* [The problem]: How does the data below read from its first line through the line containing "Raseerimisjärgne palsam Nivea"? Print those lines exactly.

* [Records to process]:
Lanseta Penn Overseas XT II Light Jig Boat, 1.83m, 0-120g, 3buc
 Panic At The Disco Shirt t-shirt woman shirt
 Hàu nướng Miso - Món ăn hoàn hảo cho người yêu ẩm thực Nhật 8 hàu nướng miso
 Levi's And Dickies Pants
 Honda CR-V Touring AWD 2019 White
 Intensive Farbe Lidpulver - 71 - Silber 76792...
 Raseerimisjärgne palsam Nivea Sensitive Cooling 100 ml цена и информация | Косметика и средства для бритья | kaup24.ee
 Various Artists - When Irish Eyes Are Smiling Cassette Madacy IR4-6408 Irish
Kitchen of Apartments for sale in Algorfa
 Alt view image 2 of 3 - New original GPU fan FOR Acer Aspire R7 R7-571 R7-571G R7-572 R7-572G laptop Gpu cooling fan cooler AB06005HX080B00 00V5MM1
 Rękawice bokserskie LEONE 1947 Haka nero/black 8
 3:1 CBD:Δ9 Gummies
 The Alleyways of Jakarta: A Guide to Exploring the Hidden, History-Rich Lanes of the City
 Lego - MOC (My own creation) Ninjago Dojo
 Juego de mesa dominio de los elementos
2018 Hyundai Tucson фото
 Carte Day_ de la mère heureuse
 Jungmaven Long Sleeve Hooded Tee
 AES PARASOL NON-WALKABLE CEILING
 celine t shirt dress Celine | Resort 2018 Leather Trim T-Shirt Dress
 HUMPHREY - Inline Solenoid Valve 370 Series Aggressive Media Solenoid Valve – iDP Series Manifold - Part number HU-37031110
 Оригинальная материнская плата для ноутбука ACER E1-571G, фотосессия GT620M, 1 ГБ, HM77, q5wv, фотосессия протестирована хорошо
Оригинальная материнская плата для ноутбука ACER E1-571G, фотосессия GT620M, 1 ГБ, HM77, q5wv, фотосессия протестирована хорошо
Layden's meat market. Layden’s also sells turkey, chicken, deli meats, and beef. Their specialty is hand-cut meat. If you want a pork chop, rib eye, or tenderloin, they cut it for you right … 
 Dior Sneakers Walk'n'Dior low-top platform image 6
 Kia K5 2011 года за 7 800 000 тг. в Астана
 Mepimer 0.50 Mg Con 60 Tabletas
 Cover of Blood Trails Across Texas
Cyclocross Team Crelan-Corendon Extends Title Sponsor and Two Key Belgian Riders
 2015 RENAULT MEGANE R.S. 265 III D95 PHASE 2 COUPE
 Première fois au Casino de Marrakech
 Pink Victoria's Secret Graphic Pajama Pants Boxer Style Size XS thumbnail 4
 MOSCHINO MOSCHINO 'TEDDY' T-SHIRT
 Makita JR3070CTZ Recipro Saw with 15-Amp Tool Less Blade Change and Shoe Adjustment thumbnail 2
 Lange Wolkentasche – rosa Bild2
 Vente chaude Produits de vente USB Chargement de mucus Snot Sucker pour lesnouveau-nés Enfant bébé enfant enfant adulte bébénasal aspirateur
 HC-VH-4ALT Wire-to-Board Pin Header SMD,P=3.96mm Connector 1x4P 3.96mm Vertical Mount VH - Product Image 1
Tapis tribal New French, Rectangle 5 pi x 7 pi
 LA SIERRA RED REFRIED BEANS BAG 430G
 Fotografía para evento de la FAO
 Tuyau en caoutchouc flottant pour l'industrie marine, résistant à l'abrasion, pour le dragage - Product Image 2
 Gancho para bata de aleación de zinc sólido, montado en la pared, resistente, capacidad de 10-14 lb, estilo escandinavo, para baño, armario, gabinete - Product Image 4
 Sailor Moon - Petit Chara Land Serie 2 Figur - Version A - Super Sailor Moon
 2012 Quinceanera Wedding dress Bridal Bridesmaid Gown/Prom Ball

* [Final answer]:
Lanseta Penn Overseas XT II Light Jig Boat, 1.83m, 0-120g, 3buc
 Panic At The Disco Shirt t-shirt woman shirt
 Hàu nướng Miso - Món ăn hoàn hảo cho người yêu ẩm thực Nhật 8 hàu nướng miso
 Levi's And Dickies Pants
 Honda CR-V Touring AWD 2019 White
 Intensive Farbe Lidpulver - 71 - Silber 76792...
 Raseerimisjärgne palsam Nivea Sensitive Cooling 100 ml цена и информация | Косметика и средства для бритья | kaup24.ee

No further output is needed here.